Andrew Belt talked about the VCV Rack software at Stanford on July 3.

Over the past two years, a remarkable piece of free software has helped make modular synthesis widely available. The software is called Rack, from the company VCV, which like many small software firms is essentially a single person serving and benefiting from the efforts of a far-flung constellation of developers. Andrew Belt, who develops VCV Rack, this past week visited the San Francisco Bay Area from Tennessee, where he lives and works, to give talks and demonstrations. I caught his presentation at the Stanford University’s CCRMA department this past Wednesday, July 3. It was a great evening.

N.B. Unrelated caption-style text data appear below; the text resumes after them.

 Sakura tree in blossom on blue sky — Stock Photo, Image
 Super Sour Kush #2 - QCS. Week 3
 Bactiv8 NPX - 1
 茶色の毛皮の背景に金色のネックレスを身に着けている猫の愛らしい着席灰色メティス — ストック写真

Belt spoke for an hour, starting at around 5:30pm, about the origins and development of VCV Rack, how it began as a command-line effort, and how then he went back to a blank slate and started on a GUI, or graphic user interface, approach. That GUI is arguably what makes VCV Rack so popular. Rack provides emulations of synthesizer modules that look just like actual physical modules, including virtual cables you drag across the screen, much as you’d connect an oscillator and a filter in the physical world. The occasion of his visit is the release of version 1.0 of VCV Rack, following an extended beta honeymoon. He covered a lot of material during the talk and subsequent Q&A, and I’m just going to summarize a few key points here:

He talked about the “open core” business-model approach, in which the Rack software is free and open source, and how third parties (and VCV) then sell new modules on top of it. (This is a bit like a “freemium,” the difference being that the foundation here is open source.)

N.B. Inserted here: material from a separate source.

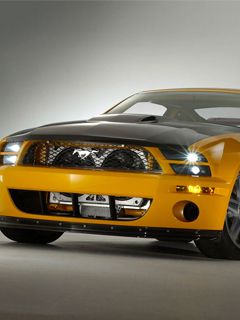 - - wallpaper preview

Belt went through various upcoming modules, including a “timeline” one, a “prototype” one, a “video-synthesis” one, a DAW-style “piano roll,” and one that is a bitcrusher emulating super low-grade MP3 encoding. He didn’t mention which existing synthesizer module companies are due to port theirs over to Rack, and no one asked, likely because, this being CCRMA, the conversation was way more deep in the DSP (digital signal processing) weeds — which was great, even if 90% of that material was way over my head. He showed tons of examples, including how the new polyphony (up to 16 voices) works.

There was a great moment midway through the talk. Belt was discussing the employment of a type of synthesis in Rack called FM synthesis, and he asked if anyone in the audience could remind him who had first developed FM synthesis. One of the senior CCRMA professors chimed in and explained that we were all in this room precisely because of FM synthesis: CCRMA was funded for many years thanks to profits on the patent for FM synthesis, which was developed by Stanford professor John Chowning. FM synthesis was what made the Yamaha DX7 synthesizer a massive success during in the 1980s. For many years to follow, Chowning’s FM synthesis patent was, reportedly, the single most profitable patent in all of Stanford’s existence. After drinking in the impromptu history lesson, Belt pulled up a DX7 emulation in Rack. Someone in the audience noted how things come full circle.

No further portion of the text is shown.